不定期連載:スタートレック渋いおやじ列伝 ピカード編

gasoline2002-11-11

 中学生の頃だったか、友人の熊坂たちと『渋いおやじ軍団』を勝手に編成して盛りあがっていたことがあった。史上の為政者や軍人、現代の政治家やフィクションのヒーローなど、要は渋ければ誰でも列挙していくものである。記憶が判然としないが、いつも山本五十六星野仙一は入っていたような気がする。

 そんなわけで、スタートレックTNG以降)の渋いおやじ達を列挙してみようと思う。どんなワケだ言ってみろっ。ボカッ! あっ!

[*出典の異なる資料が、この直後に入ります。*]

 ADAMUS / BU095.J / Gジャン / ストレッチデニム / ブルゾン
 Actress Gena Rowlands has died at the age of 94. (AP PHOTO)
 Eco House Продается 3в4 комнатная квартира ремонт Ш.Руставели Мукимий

 何はともあれ、彼無しにスタートレックの、いや全米映画・テレビ界の渋いおやじは語れない、パトリック スチュワート演じるジャンリュック ピカードである。1988年、業界ではイロモノと見なされるSFシリーズの主人公として登場した彼であるが、その演技力と魅力が認知されるに至って、“ハゲでもセクシー”という概念が確立された(ショーン コネリーはハゲる前からセクシーだったので例外である)。彼がいなければERのアンソニー エドワーズも今ごろタダのハゲだった。

 彼の魅力はハゲだけではない。そのバリトンの美声と厳しい視線に3秒で落とされたおやじマニアは後を断たない。通称ゴリラ落としのピカードである。由緒正しきロイヤル・シェイクスピア劇団で鍛えられた発声と黒く深い瞳は、7年続いた番組の前半では孤高の冒険者の、後半では厳格な父性の象徴として働いた。

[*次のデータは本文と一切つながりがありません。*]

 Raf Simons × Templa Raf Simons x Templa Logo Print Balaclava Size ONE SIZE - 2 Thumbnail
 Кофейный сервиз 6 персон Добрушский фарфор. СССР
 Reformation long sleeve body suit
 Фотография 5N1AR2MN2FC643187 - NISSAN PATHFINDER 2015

 彼の弱点は女と子供とアンドロイド。女性関係では同僚のビバリー(未亡人)とのギクシャクした人間関係が7年をかけて変化して行くのも見物だが、やはり部下の母親ラクサナ・トロイとの掛け合いが最高だ。年増で我侭でお喋りな上にテレパスという彼女に迫られ、心の中を読まれて、うろたえるピカードの表情は絶妙。アンドロイド・データのお喋りに撒き込まれた時の彼の渋面も同様である。ただ、感情を持たず人間に憧れるデータを後ろから見守る時のピカードの温かな表情も忘れてはならない。

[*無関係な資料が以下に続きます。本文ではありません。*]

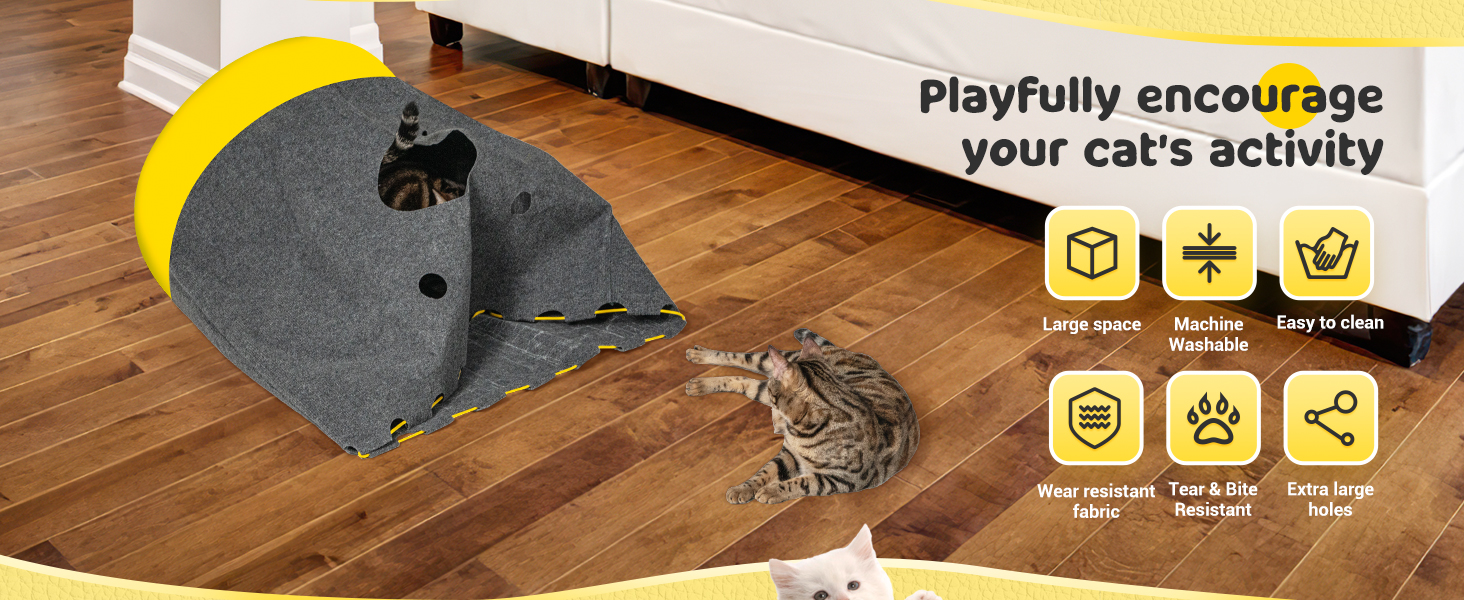 interactive cat mat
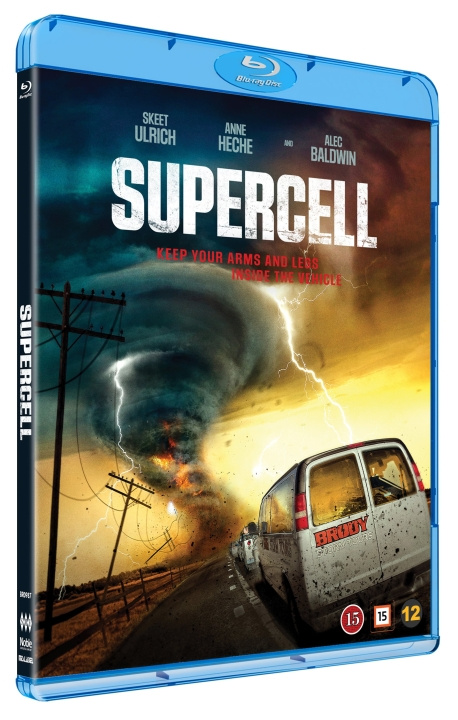 SUPERCELL (Blu-ray) ryhmässä KODINELEKTRONIIKKA / Ääni & Kuva / TV & Tarvikkeet / Elokuvat / Blu-ray @ TP E-commerce Nordic AB (D40266)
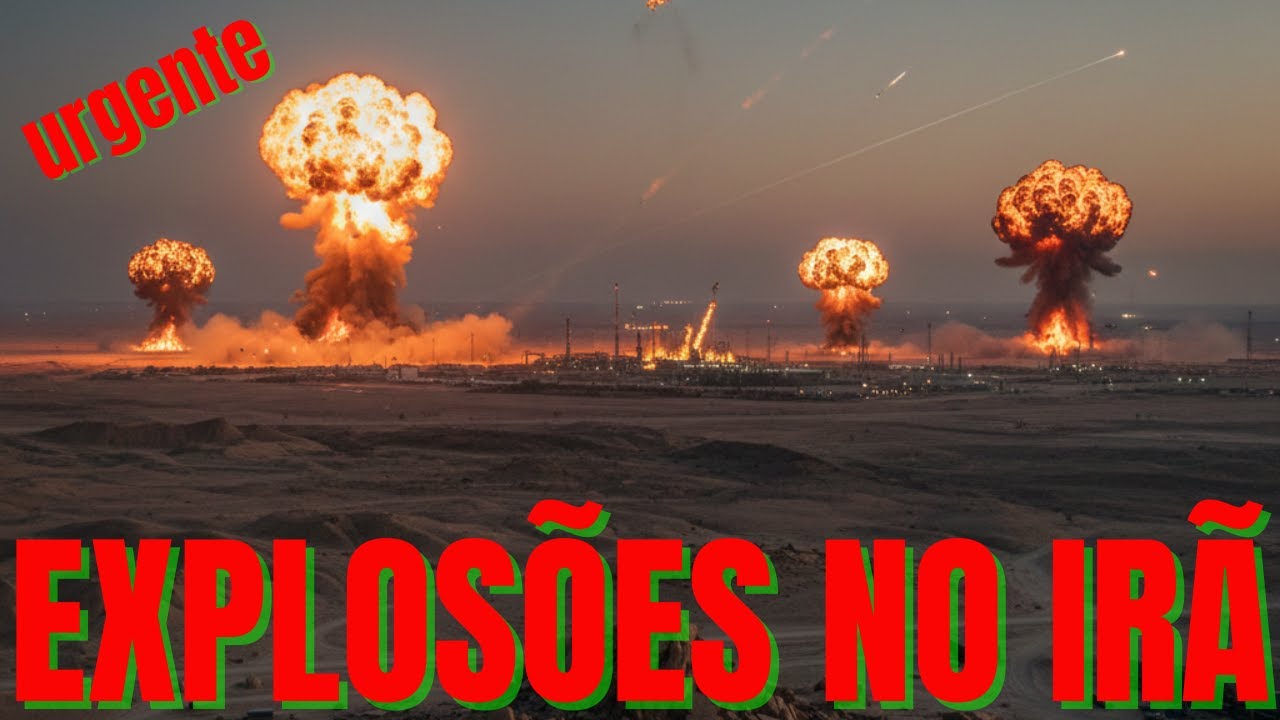 EXPLOSÕES NO IRÃ HOJE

 日本語吹替え版は最初の52話までを吉水慶、それ以降を麦人がアテているが、個人的には第2シーズンでの吉水慶の演技を推したい。ダンディとはまさにこの事だ、的なバリトンが楽しめる。麦人の声は老成した軟らかさがあり、スチュワート自身の視線の演技の変化とあいまって、こちらも好感度は高い。

 見所としては宇宙艦の艦長としての指揮ぶりが観られる63話『亡霊戦艦エンタープライズC』や68話『孤独な放浪者』、敵に拉致され冷酷な機械へと変えられてしまう74-75話『浮遊機械都市ボーグ 前後編』、そしてエミー賞にノミネートされた感動のSF中篇125話『超時空惑星カターン』などを挙げよう。

 また、個性豊かなゲストキャラとの掛け合いも忘れてはならない。61話『DEJA Q』、94話『QPID』、72話『愛無き関係』などだ。尚、マニアには敵に捕まり全裸で拷問を受けなおかつそれを幼女に凝視されるが人間の尊厳を失うまいと必至に歯を食いしばるという凄まじいマニアック設定が楽しめる136-137話『戦闘種族カーデシア人 前後編』がある。2002年11月現在DVDは第3シーズンまで発売中、前後編はレンタルビデオで楽しめる。